Katie learns that some boys just want to be bad. Josh always had his own agenda in mind, and she was just a means to an end. But on the other end of the spectrum, Wes isn’t exactly the better choice either.

Within the context of the story, I purposely chose to have Heaven vs. Hell, good vs. evil, as the main conflict. It is a black and white battle that most people recognize easily. And readers chose their sides immediately: they were either Team Josh or Team Wes. And I encouraged their decisions. I wanted them to pick sides. It was rather sneaky of me to do that.

Having readers pick teams played right into the notions and expectations that Katie needed a man in her life to give her definition and meaning. If Wes couldn’t provide it, surely Josh could. And when Josh turned out to be totally evil and Wes came back, Katie could still be saved. But as I mentioned briefly above, Wes isn’t any better than Josh. Sure, he’s on the side of good, but he’s also emotionally unavailable. He’s been stringing Katie along for years, making her believe that they could have a normal relationship, but he’s incapable of being there for her.

Wes does good for the world. He rids the world of evil threats, and he loves Katie, and in his mind, he thinks that should be enough. He has absolutely no idea what it means to be there for her because he never has been. He is selfish and self-centered. He thinks that keeping her safe from herself is enough. But what Katie really needs is a partner, someone who sees all her flaws and accepts her for who she is. Wes starts to do this at the end of the series, but by then it might be too late.

Katie doesn’t exactly have a lot of choices in boys when it comes to relationships.
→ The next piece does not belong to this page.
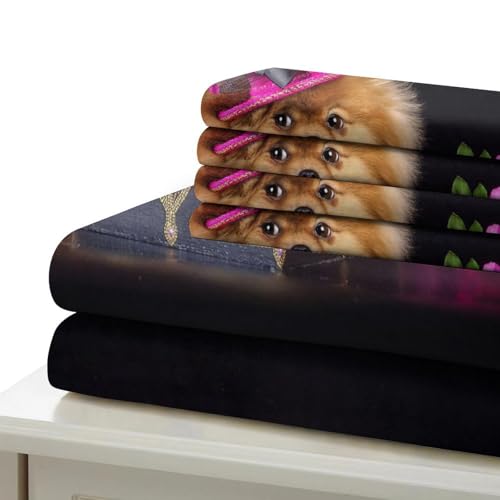 Housse de couette 3D imprimé chien mignon microfine 2 taies 260x220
She had Josh, who is abusive, and Wes, who is emotionally distant. And yet, these were who readers were rooting for her to be with. I laughed whenever I saw people pick a team, and I wondered: why is no one picking Team Katie?

This, of course, comes back to stereotypes and notions that Katie has to end up with a guy. It’s a convention that has been portrayed in stories since the dawn of time. And I wanted readers to believe that trope. I wanted them to think that was how the story was going to go. But what it all boils down to, and what it has always boiled down to, was that the only person who could save Katie was Katie. She might not have accomplished it in overly heroic style or without getting hurt along the way, but she accomplished it.

Life is tough, and we are constantly faced with difficult and challenging decisions. As Katie learned, she has to have faith in herself and learn that self-worth is drawn from within, not from those around her. It doesn’t matter that she possess both good and evil, we all do. In the end, she has to live with consequences of her decisions—whether good or bad or both—and no one else can define her.